Material shown -
-- Opening Marker --

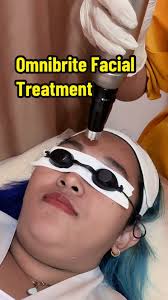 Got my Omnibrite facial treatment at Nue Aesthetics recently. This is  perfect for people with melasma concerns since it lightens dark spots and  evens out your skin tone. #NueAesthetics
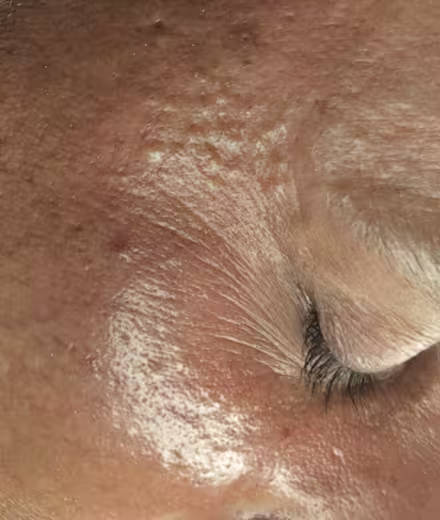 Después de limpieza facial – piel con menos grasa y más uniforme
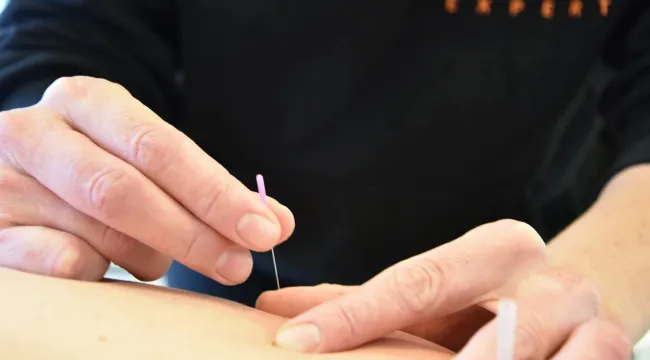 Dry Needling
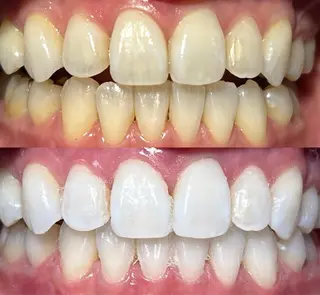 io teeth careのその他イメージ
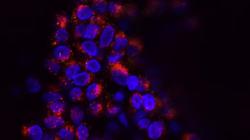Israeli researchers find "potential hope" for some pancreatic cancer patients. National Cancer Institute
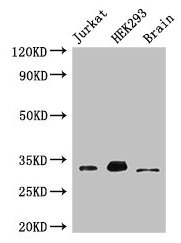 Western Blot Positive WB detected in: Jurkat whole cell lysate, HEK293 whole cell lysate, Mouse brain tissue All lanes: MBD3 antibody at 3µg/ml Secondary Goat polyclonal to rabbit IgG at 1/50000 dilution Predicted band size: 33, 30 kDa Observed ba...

-- Closing Marker --
-- Opening Marker --

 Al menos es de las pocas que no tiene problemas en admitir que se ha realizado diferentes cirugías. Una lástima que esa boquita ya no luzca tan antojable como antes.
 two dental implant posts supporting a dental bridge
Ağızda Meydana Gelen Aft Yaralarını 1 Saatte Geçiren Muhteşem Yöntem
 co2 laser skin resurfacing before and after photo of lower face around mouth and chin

-- Closing Marker --
-- Opening Marker --

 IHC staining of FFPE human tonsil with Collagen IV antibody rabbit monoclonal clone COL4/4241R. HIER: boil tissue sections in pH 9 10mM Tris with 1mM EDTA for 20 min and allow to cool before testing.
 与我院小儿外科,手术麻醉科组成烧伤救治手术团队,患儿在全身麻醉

-- Closing Marker --

To do - Nothing except the lines from the one containing "Israeli researchers find" through the one containing "Western Blot Positive" should appear in the answer, exactly as above and without pictures.

Task response -
Israeli researchers find "potential hope" for some pancreatic cancer patients. National Cancer Institute
 Western Blot Positive WB detected in: Jurkat whole cell lysate, HEK293 whole cell lysate, Mouse brain tissue All lanes: MBD3 antibody at 3µg/ml Secondary Goat polyclonal to rabbit IgG at 1/50000 dilution Predicted band size: 33, 30 kDa Observed ba...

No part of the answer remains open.